Police officers in Swaziland have been caught on video brutally attacking a woman. One uses a stone to repeatedly assault her.
This is not the first time police have assaulted civilians in the kingdom ruled by King Mswati III who is sub-Saharan Africa's last absolute monarch.
The Sunday Observer newspaper in Swaziland published stills (11 February 2018).
The newspaper reported the incident happened at Lukhula on Monday 5 February 2018. Two traffic officers based in Siteki were involved. The Observer reported the officers who it named only as Mkhwanazi and Simelane were, 'seen forcefully shoving a woman, Phum'lile Maseko into a police sedan. During the scuffle, officer Mkhwanazi picks up a stone to brutally assault the defenceless Maseko repeatedly.
'In an agonising voice, Maseko is heard screaming uyangilimata, akusimi! (you are hurting me, it is not me) while the police officer continuously assaults her and ordering her to let loose of his police uniform's jacket. Maseko is holding on to Mkhwanazi's jacket for dear life, refusing to get into the police car.
'At first, before assaulting her, the officer attacked her with fists several times. After realising that she is not letting go of his jacket, the officer bends down to pick up a nearby stone and goes on to use it as a weapon.
'Onlookers are heard in the background shouting for him to leave the woman alone, screaming that she had done nothing wrong. Despite this, the police officer continues to hit her hard with the stone.
'But, they then realise they are being filmed by use of a cellphone, and they quickly shift their focus to the person recording the incident and Maseko finally manages to escape from the clutches of these brutal officers.
'In the skirmish, both Maseko and the person recording the incident, identified as Thabiso had their phones extensively damaged by the officers.'
Maseko told the newspaper she was at Lukhula to sell grilled mealies to passengers and on-goers.
The Observer quoted Maseko saying, 'While I was watching the police pushing and shoving Celimpilo Mashaba, a quantum conductor I came close to the scene to watch the drama.' The newspaper reported police said his vehicle was wrongly parked.
The newspaper added, 'One of the police officers approached her across the road and allegedly dragged her to where the sedan was parked. The traffic cops were accusing Maseko of opening a door of the police sedan and in doing so letting Mashaba out of the vehicle.'
The Observer reported, 'Not only do the cops smash the phone on the ground, they are also heard hurling expletives, calling Mashaba by his mother's private parts, and onlookers are heard shouting at the police officer and also telling Mashaba to go open a case against him.'
Maseko said she suffered injuries to her hand, bruises and some chest pains.

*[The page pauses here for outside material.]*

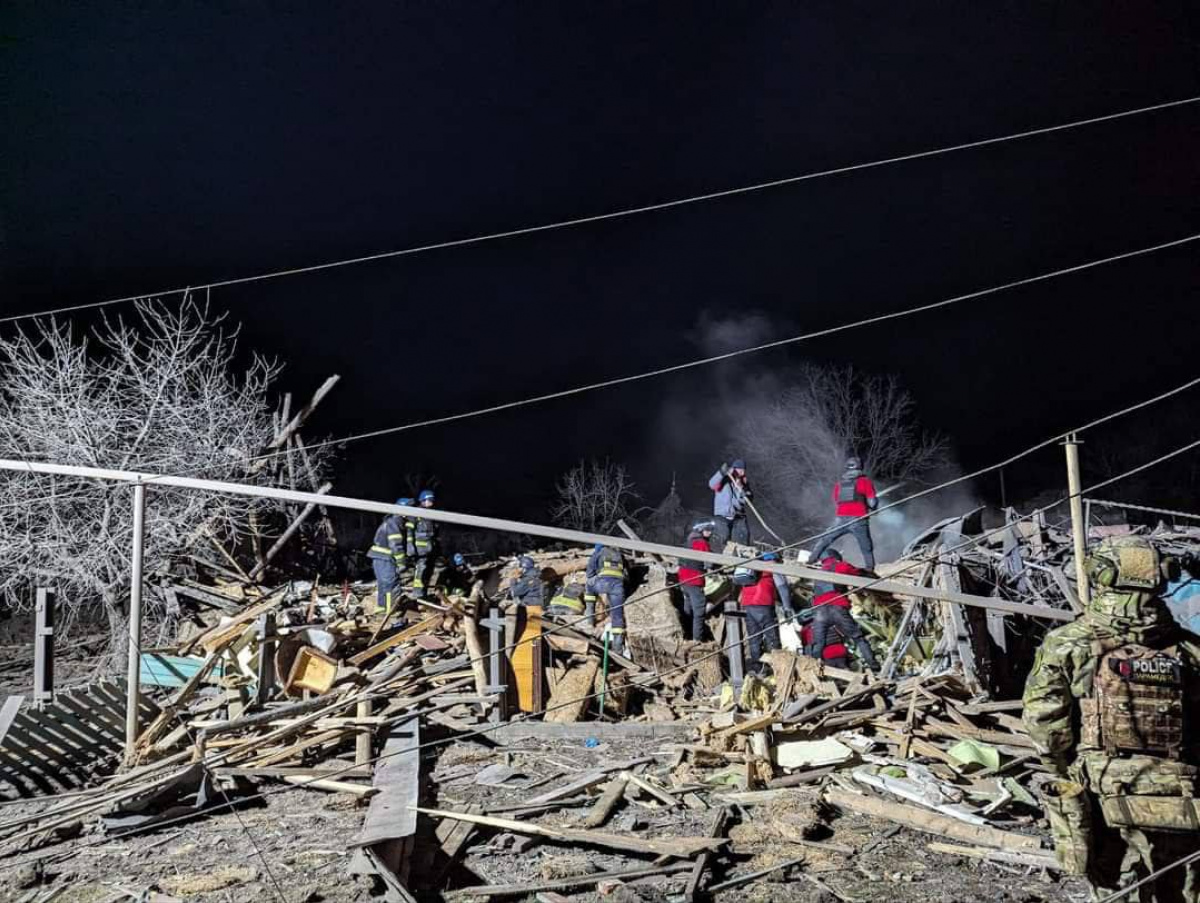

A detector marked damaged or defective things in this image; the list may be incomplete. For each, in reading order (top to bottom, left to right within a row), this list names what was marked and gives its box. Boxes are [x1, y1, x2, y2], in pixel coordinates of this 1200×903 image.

broken wooden plank [412, 806, 729, 854]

This is not the first case of police assaulting civilians in Swaziland. In December 2017, police attacked people at an illegal drinking den at Ezulwini with guns and whips in what The Observer on Saturday at the time called, 'the truest form of brutality'.
'Gunshots were heard with the sizeable number of police officers literally going out of their way to assault the patrons hitting them randomly with whips (tinsilane) and fists,' the newspaper said. It added, 'Most patrons were forced to run helter-skelter into the thick of night in a panic and in the process getting hurt by barbed wires on the fence.'
In August 2017, at least 15 armed police officers shot at an suspected drink-driver in Manzini leaving his car riddled with more than 20 bullet holes. The Times of Swaziland reported at the time the driver Wandile Bhembe, aged 30, said he had not seen the traffic cops because they had the headlights of their cars switched off. The Times reported Bhemebe saying, 'While trying to open the door and preparing to get off, the cops dragged me into a nearby drainage and severely assaulted me all over the body using fists, kicks and open hands.' Bhembe ended up in hospital with injuries all over his body, especially to his head, mouth and chest, the Times reported.

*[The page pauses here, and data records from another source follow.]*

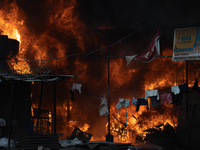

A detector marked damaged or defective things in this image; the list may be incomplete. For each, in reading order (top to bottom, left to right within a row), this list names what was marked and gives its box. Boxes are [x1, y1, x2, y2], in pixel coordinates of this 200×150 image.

fire-damaged wall [0, 81, 31, 144]
fire-damaged wall [177, 87, 200, 148]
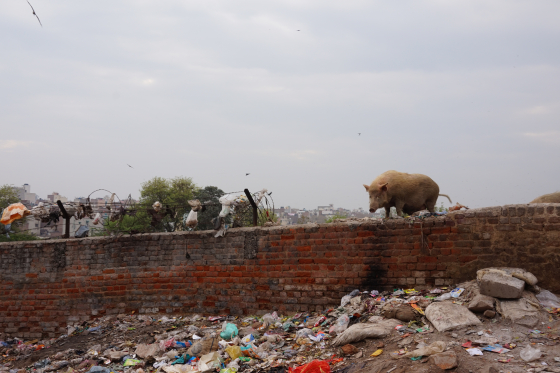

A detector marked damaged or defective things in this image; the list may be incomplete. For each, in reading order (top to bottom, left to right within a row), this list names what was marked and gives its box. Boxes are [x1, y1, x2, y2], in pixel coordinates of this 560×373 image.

broken concrete slab [476, 268, 524, 298]
broken concrete slab [424, 300, 482, 330]
broken concrete slab [466, 294, 496, 310]
broken concrete slab [496, 296, 540, 326]
broken concrete slab [430, 352, 458, 370]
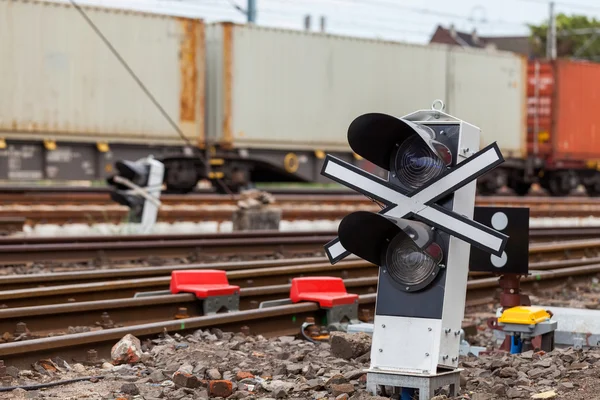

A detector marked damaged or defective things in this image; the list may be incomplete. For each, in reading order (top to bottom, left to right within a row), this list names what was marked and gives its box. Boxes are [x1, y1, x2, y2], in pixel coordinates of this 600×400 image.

rusty cargo container [0, 0, 204, 181]
rusty cargo container [528, 59, 600, 195]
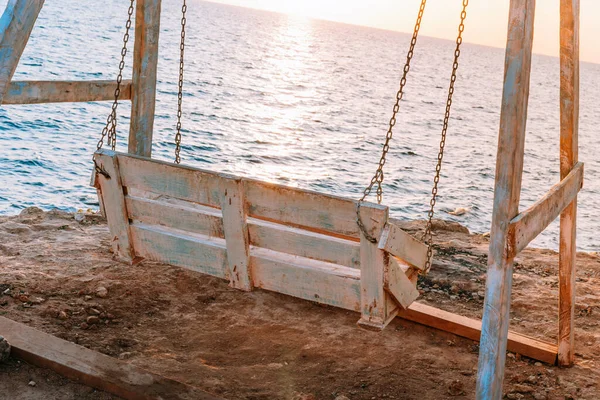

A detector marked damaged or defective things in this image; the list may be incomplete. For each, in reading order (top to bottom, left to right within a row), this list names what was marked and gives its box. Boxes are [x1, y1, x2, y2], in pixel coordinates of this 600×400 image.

rusty metal chain [96, 0, 135, 155]
rusty metal chain [356, 0, 426, 242]
rusty metal chain [422, 0, 468, 274]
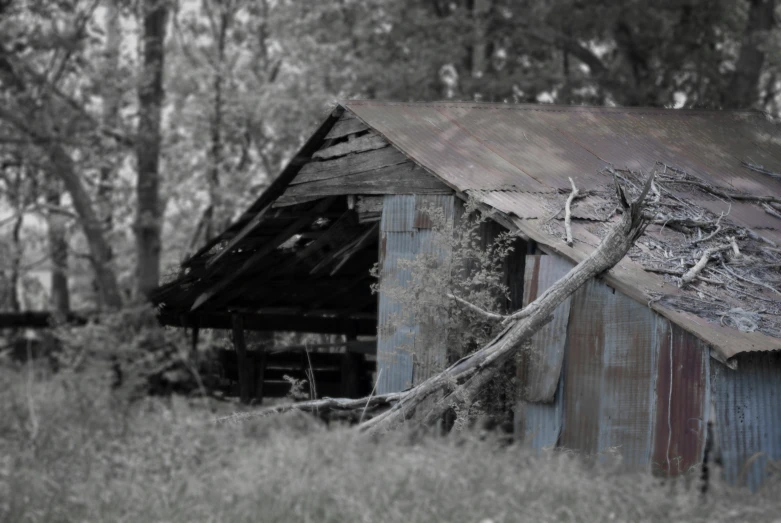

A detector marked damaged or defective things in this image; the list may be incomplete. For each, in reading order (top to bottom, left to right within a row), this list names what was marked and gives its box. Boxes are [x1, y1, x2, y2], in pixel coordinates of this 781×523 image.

broken wooden plank [324, 117, 370, 140]
broken wooden plank [310, 134, 386, 161]
broken wooden plank [288, 147, 408, 186]
broken wooden plank [278, 165, 450, 206]
rusty corrugated metal roof [342, 100, 780, 362]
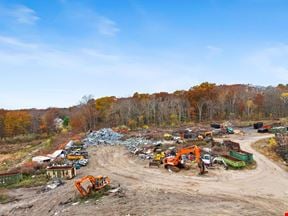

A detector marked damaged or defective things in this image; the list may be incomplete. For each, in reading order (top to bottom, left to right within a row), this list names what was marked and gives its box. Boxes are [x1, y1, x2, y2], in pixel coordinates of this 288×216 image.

rusted machinery [74, 175, 110, 197]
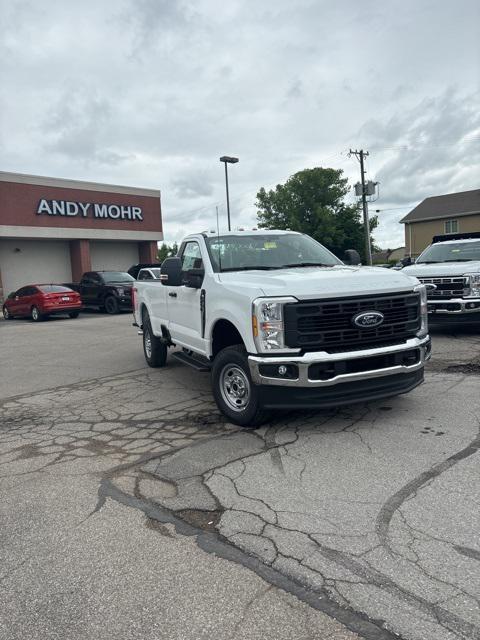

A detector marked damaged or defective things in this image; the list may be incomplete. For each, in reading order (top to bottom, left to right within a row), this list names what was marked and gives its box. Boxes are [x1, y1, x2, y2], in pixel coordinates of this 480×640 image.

cracked asphalt [0, 316, 480, 640]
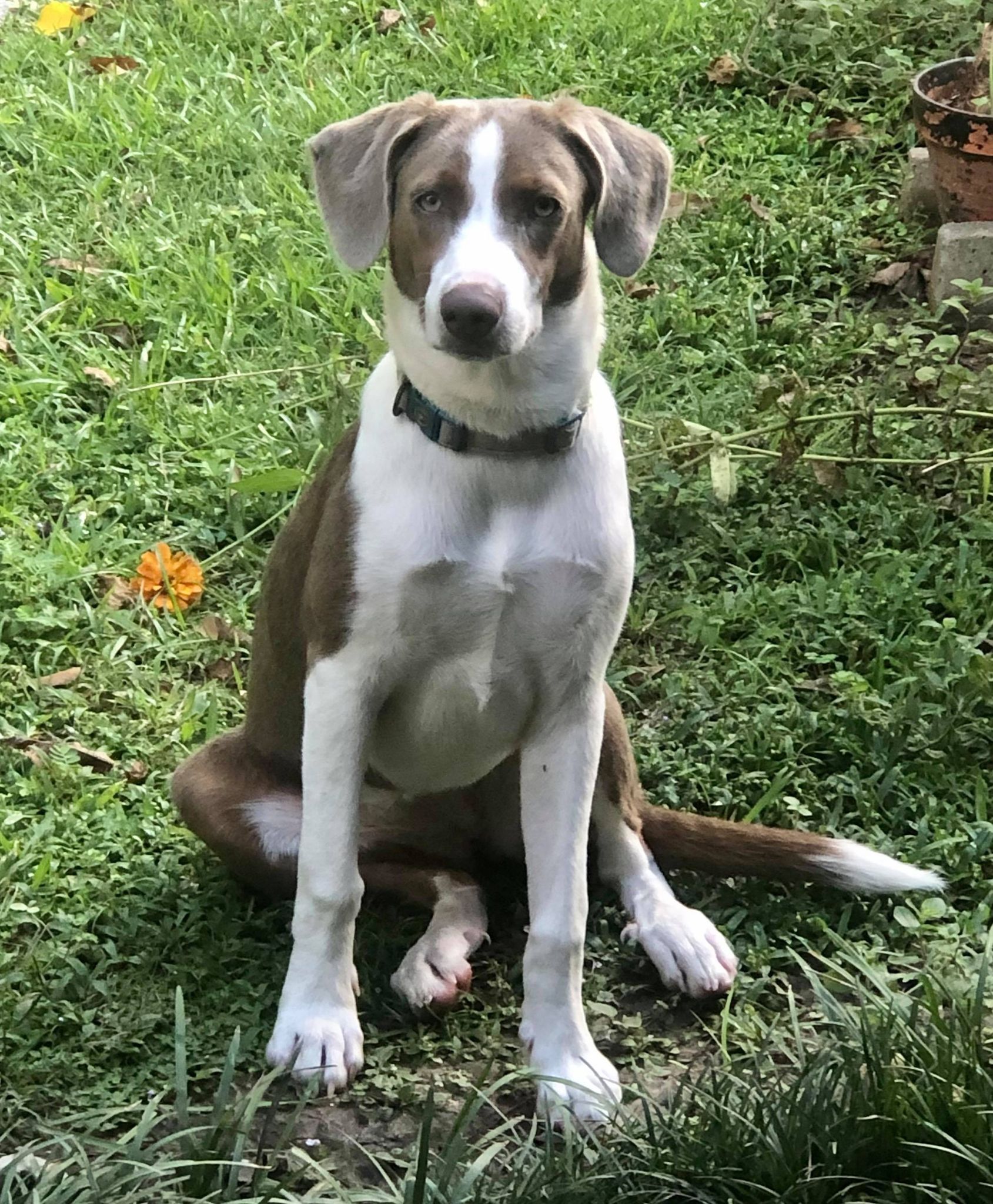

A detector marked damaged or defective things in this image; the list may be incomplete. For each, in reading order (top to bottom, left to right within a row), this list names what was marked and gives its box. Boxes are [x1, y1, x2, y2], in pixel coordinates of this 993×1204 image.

rusty clay pot rim [914, 56, 991, 131]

Also in August 2017, a security guard told Mbabane court a female police officer sat on his face and other officers assaulted him after they accused him of stealing motor parts.
In March 2017, A man accused of multiple murders told a court he was tortured by police for 11 days to force him to confess. He said he was suffocated with a tube and assaulted all over his body, resulting in many serious injuries. The alleged attack was said to have taken place at Lobamba Police Station, the Manzini Magistrates' Court was told.

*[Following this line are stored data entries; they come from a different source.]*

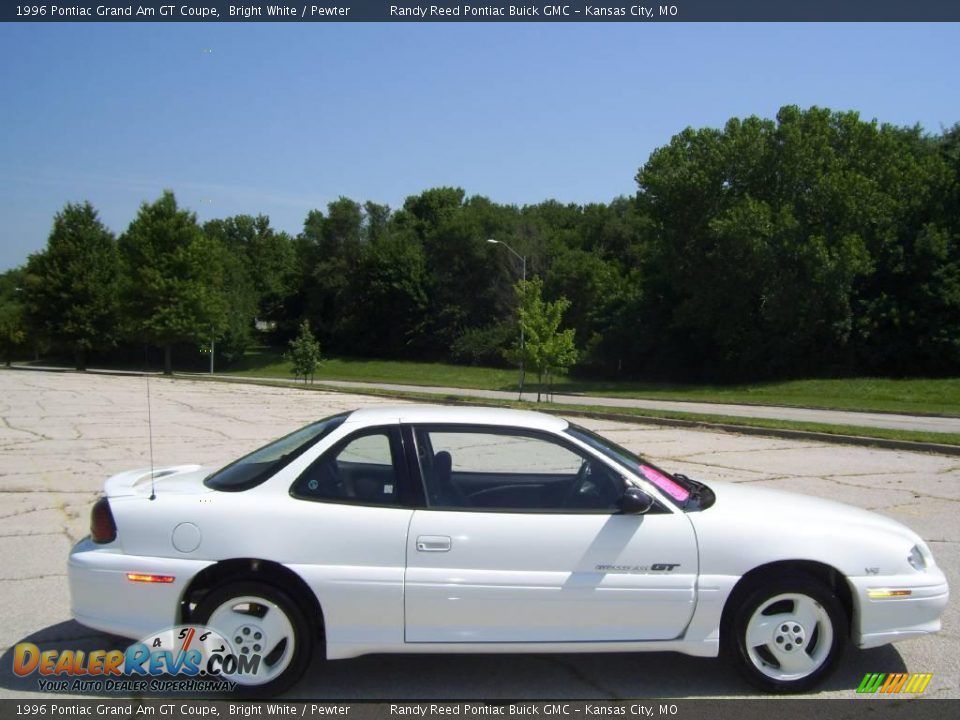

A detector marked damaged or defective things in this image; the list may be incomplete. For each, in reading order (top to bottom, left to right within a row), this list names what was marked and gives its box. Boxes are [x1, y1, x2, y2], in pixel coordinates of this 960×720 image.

cracked asphalt pavement [0, 372, 956, 696]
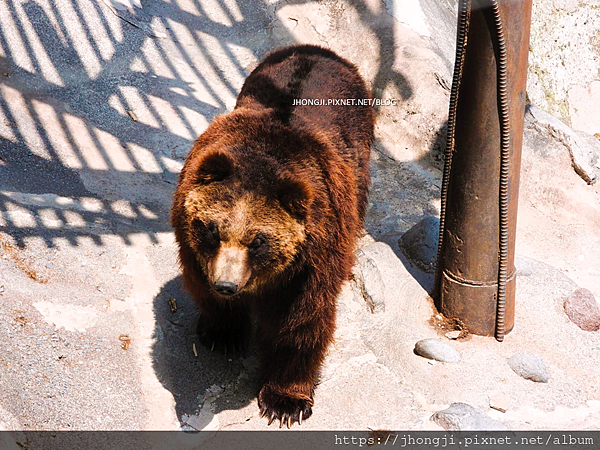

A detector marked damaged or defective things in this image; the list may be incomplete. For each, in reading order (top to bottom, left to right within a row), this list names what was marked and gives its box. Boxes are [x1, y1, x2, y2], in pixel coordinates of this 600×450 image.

rusty metal pipe [434, 0, 532, 338]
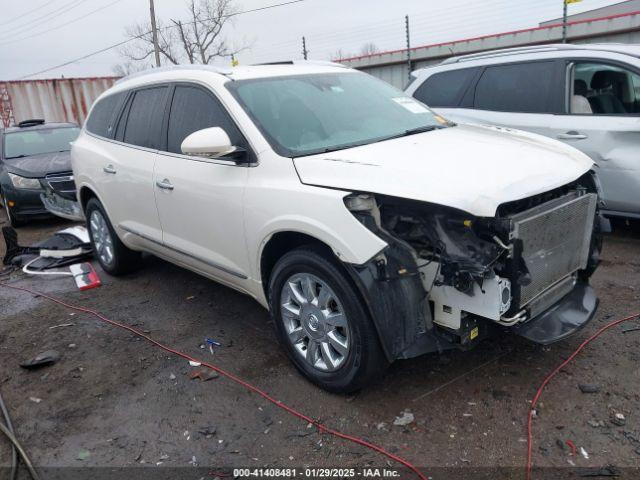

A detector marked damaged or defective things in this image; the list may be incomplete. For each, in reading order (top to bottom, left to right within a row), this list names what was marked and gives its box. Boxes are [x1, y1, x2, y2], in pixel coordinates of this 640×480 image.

damaged hood [3, 150, 71, 178]
crumpled bumper [40, 191, 84, 221]
damaged hood [292, 123, 592, 217]
broken headlight area [344, 176, 600, 352]
front-end collision damage [340, 171, 604, 362]
crumpled bumper [512, 282, 596, 344]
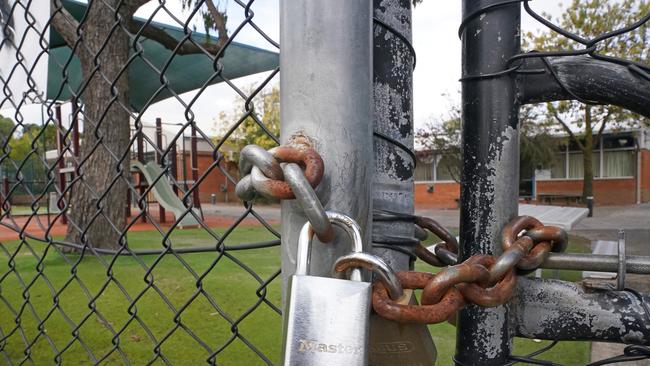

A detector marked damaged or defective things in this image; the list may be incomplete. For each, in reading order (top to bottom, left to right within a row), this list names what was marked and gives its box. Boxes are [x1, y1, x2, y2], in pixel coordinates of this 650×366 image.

rusty chain [372, 214, 564, 324]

In January 2017, local media reported police forced a 13-year-old boy to remove his trousers and flogged him with a sjambok, to make him confess to stealing a mobile phone.
In September 2016, media in Swaziland reported women strikers were ambushed by armed police and 'brutally attacked' at the Plantation Forest Company, near Pigg's Peak. Police had previously used rubber bullets and teargas against the strikers and had fired live rounds to disperse a crowd.
In 2013, the Open Society Initiative for Southern Africa (OSISA) reported that Swaziland was becoming a police and military state. It said things had become so bad in the kingdom that police were unable to accept that peaceful political and social dissent was a vital element of a healthy democratic process, and should not be viewed as a crime. These complaints were made by OSISA at an African Commission on Human and Peoples' Rights (ACHPR) meeting in The Gambia on 10 April 2013.